People aspiring to do business with Apple were not immune to its co-founder’s hypnotic charm. With their blinders on, Steve was able to derail them, and still provide a great story for them to tell to friends. Panic Inc., a successful independent software maker, chronicles on its website a story told by its co-founder, Cabel Sasser, about how he was tricked and then bested by Steve. It started, as most stories in this book do, with an e-mail. “I couldn't help myself. I'd always heard that Steve Jobs, founder and CEO of Apple, actually reads his e-mail,” Cabel recounts. “It's pretty hard to resist e-mailing God if you know He checks his e-mail.” Cabel sent Steve a short pitch for Audion in August 1999, a few days after version 1.0 of his music app was released, but did not receive a response. No surprise, says Cabel.

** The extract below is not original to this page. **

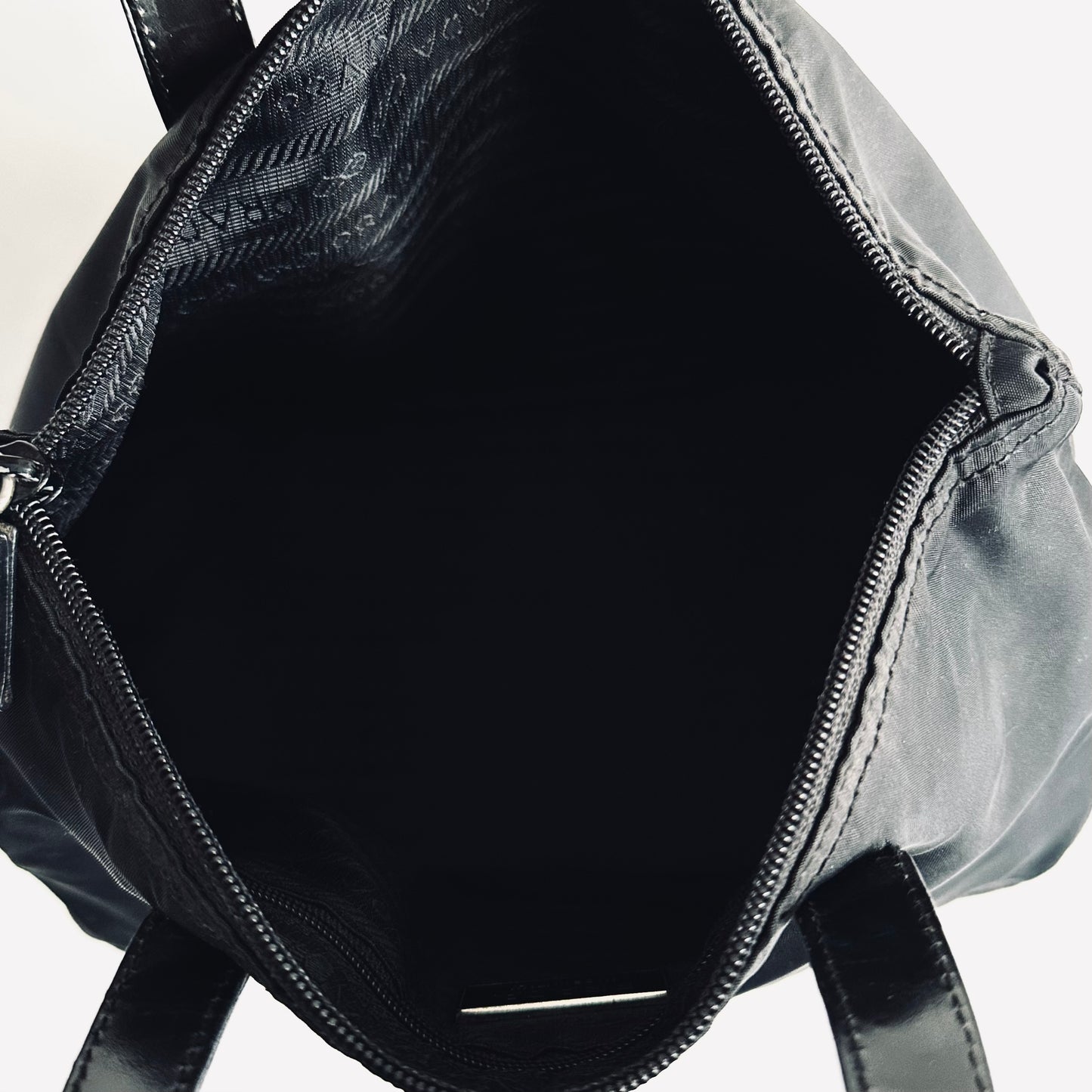 Prada Black Classic Tessuto Logo Nylon & Leather Small Structured Tote Bag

Then, a couple of weeks after that first e-mail to Steve, Cabel received a cryptic message from Charles Wiltgen, then the QuickTime video technology manager for Apple developer relations. “I’d like to talk Audion future directions,” Charles wrote. This is a request many small technology startups field from Apple. Swype, the innovative touchscreen keyboard software developer, says it had one such meeting, too, before Nuance Communications Inc. acquired it. Between the long lead time associated with such a “future directions” meeting, Cabel’s Panic software studio engaged with AOL Time Warner Inc. about an acquisition. (This was before the conglomerate experienced a myriad of its own problems.) Cabel was excited about the prospect of offering Audion for free in order to get the program in the hands of more people. However, he was not keen on working for a lurching corporate giant. At the height of those negotiations in the summer of 2000, Apple showed up again. Panic tried to include AOL in the meeting with Apple, but the AOL execs said they were busy, and then Apple balked. No meeting took place.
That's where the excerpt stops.